» **EXERCISE BRIEF**
The expected output is an exact copy of each line from the line with "this 450×288 image." through the end of the data below, with no pictures in it.

» **Stored data entries**
*** Begin section ***

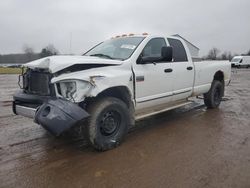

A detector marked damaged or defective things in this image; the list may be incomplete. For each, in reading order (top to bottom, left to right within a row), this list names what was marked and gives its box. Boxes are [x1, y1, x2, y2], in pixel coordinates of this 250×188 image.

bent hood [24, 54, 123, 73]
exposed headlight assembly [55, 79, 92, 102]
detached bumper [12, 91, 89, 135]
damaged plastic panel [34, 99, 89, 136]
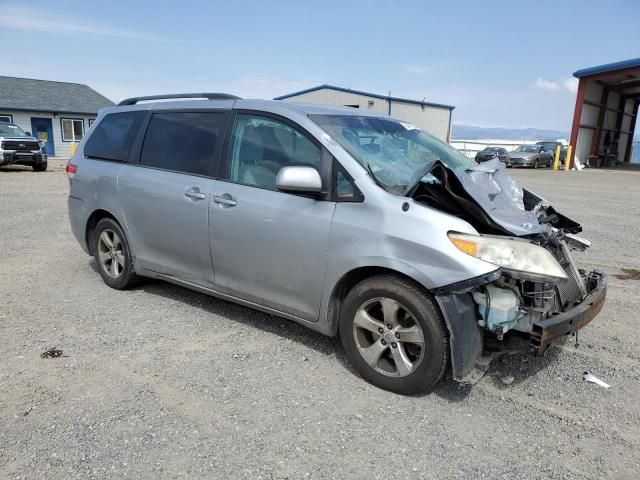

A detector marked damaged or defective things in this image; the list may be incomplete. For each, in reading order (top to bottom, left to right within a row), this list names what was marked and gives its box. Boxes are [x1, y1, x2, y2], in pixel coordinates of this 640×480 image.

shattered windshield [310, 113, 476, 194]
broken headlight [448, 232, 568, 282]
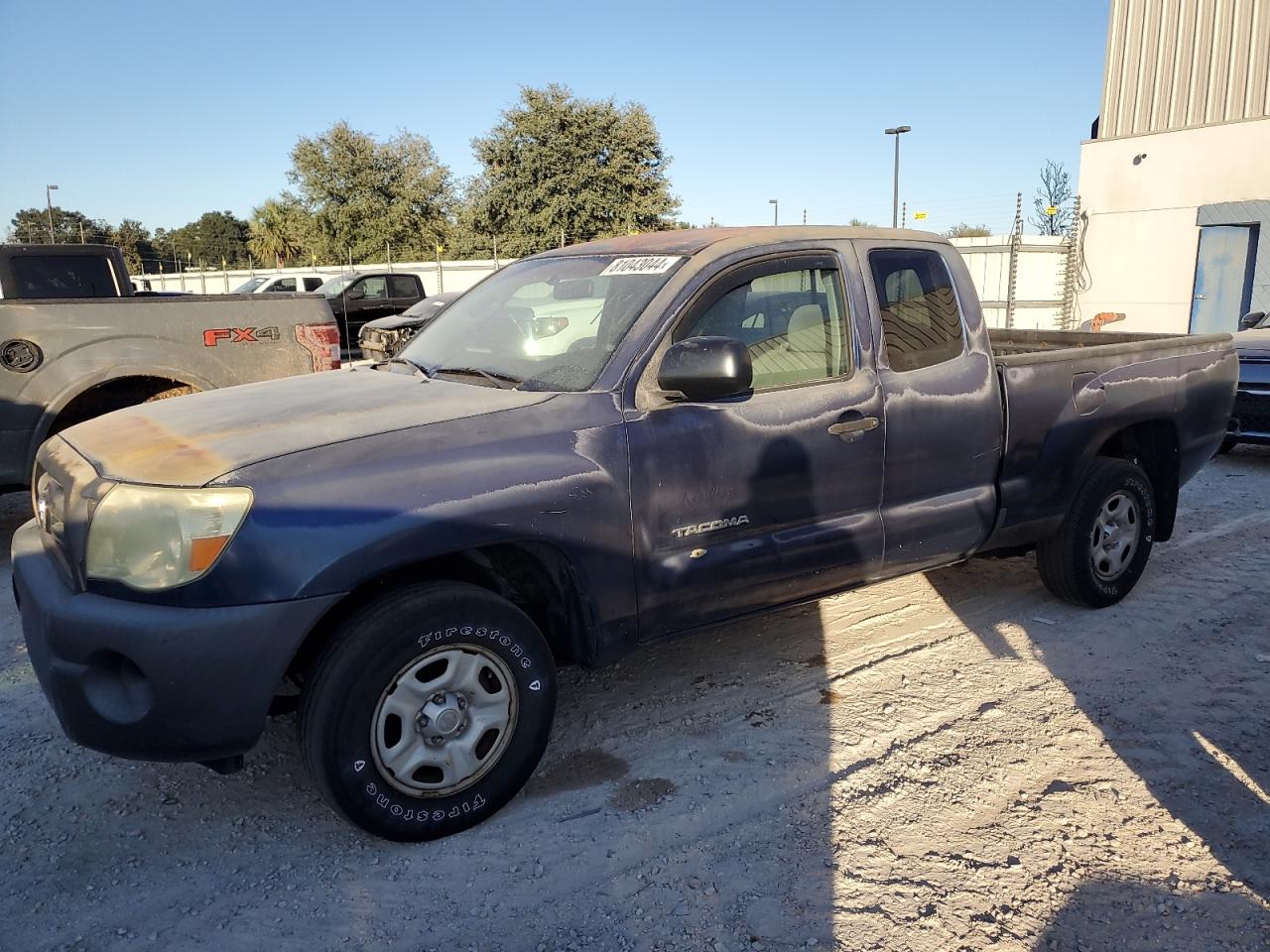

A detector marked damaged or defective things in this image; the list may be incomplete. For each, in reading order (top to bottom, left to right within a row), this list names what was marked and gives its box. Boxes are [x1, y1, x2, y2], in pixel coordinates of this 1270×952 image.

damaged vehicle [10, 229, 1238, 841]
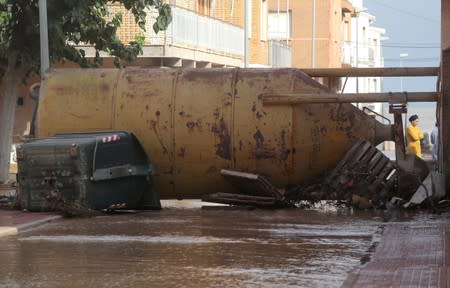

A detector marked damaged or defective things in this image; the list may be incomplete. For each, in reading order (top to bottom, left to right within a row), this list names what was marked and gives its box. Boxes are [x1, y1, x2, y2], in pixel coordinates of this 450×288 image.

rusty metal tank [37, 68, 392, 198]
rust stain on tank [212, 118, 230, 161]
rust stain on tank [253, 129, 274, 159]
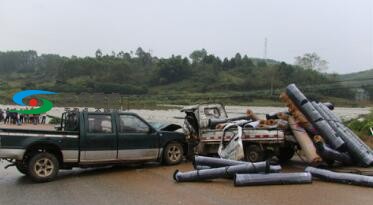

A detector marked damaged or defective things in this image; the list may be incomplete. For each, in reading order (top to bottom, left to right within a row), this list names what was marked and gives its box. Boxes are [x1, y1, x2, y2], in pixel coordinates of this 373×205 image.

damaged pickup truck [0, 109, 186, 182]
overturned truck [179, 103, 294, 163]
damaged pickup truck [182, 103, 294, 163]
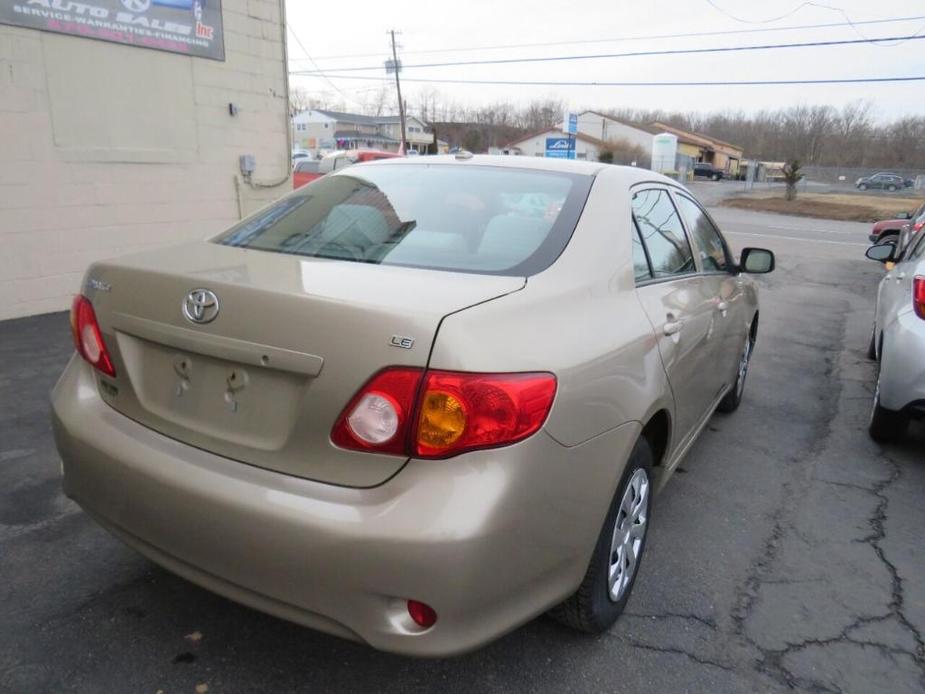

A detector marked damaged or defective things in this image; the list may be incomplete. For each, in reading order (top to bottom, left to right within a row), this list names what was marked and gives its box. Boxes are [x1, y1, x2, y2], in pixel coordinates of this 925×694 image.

*** End section ***

» **WRITTEN RESPONSE**
A detector marked damaged or defective things in this image; the list may be incomplete. For each, in reading order (top to bottom, left to right within a row), this list names what was marked and gives its box. Boxes are [x1, y1, x2, y2], in pixel coordinates of this 450×288 image.

rusty metal tank [37, 68, 392, 198]
rust stain on tank [212, 118, 230, 161]
rust stain on tank [253, 129, 274, 159]

A detector marked damaged or defective things in this image; the list may be incomplete. For each, in reading order (top to bottom, left to right within a row), this list names what was marked and gives its box. Boxes are [x1, y1, x2, y2], in pixel coordinates of this 373×205 image.

damaged pickup truck [0, 109, 186, 182]
overturned truck [179, 103, 294, 163]
damaged pickup truck [182, 103, 294, 163]

A detector marked damaged or defective things in this image; the list may be incomplete. For each, in reading order (top to bottom, left to right within a row), this list names what was marked and gives its box. Boxes are [x1, y1, x2, y2], in pixel coordinates of this 925×694 image.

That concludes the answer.